Some of the bigger bands started demanding a guaranteed fee no matter what the attendance would be. Some even demanded a percentage of the door takings from the ballroom operator, the amount depending on how popular the band were. It became riskier for ballroom operators to run dances and make a profit with falling attendances and increased fee demands from bands.

In July 1975 members of the Ulster Volunteer Force murdered three members of The Miami Showband, Fran O'Toole, Tony Geraghty and Brian McCoy. Two others were wounded, Des McAlea and Stephen Travers. The killings, which occurred as the band was returning from a show in Banbridge in Northern Ireland, became known as the Miami Showband killings. Cross-border band touring dropped significantly as a result, hastening the general decline of the showbands. Of the bands that did not break up entirely, many reduced their numbers and were revamped into small outfits that only played locally.

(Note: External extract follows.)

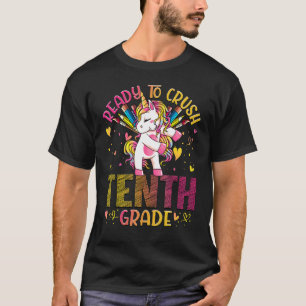 Redo för att krossa tioelfte Klass-Uni T Shirt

== Ballrooms and dance halls ==

The city ballrooms were often purpose built and lavish. Many rural dance halls, on the other hand, were simple buildings at the edge of the town. Dance halls in smaller towns and villages would host a dance once or twice a month. The fans often travelled miles from the surrounding countryside to see their favourite band. A chain of venues in the midlands was operated by Albert Reynolds, who would later become Taoiseach of the Republic. Associated Ballrooms was owned by mining magnate Con Hynes. The Lucey brothers had large ballrooms in Cork. In the North East, the Adelphi ballroom, owned by Dee O'Kane and Jimmy Hamilton in Dundalk, attracted audiences from both sides of the border. Summer dancing was held in marquee tents during parish carnivals throughout the country. Mineral Bars dispensed hot beverages and soft drinks. Ballrooms and dance halls did not sell alcoholic beverages. Alcohol sales remained the prerogative of the local pub, who then began to build extensions onto pubs and operate their own disco or cabaret show.

== Legacy ==
Various internationally successful Irish singers and musicians began their careers in showbands, including Van Morrison, Henry McCullough, Mick Hanly, Rory Gallagher, Eric Bell, Eric Wrixon and Colm Wilkinson.

The 1987 Roddy Doyle novel The Commitments is about a contemporary group of unemployed Irish youths who start a soul band in the manner of the late-1960s Irish showbands. The novel spawned a popular 1991 film of the same name, which in turn led to a touring band, The Stars from the Commitments, and a 2013 musical, The Commitments.

The 2005 Irish TV movie Showbands and its 2006 sequel, Showbands II, both starred Liam Cunningham as the manager of a struggling Irish showband in the mid-1960s.

In 2010, Ireland's postal service, An Post, issued a set of four commemorative stamps depicting four of Ireland's biggest showbands: The Drifters, The Freshmen, The Miami Showband and The Royal Showband. An An Post spokesman said that the showbands "rocked Irish society from its postwar depression".

In March 2019, Ardal O'Hanlon presented a BBC Four documentary about the showband phenomenon.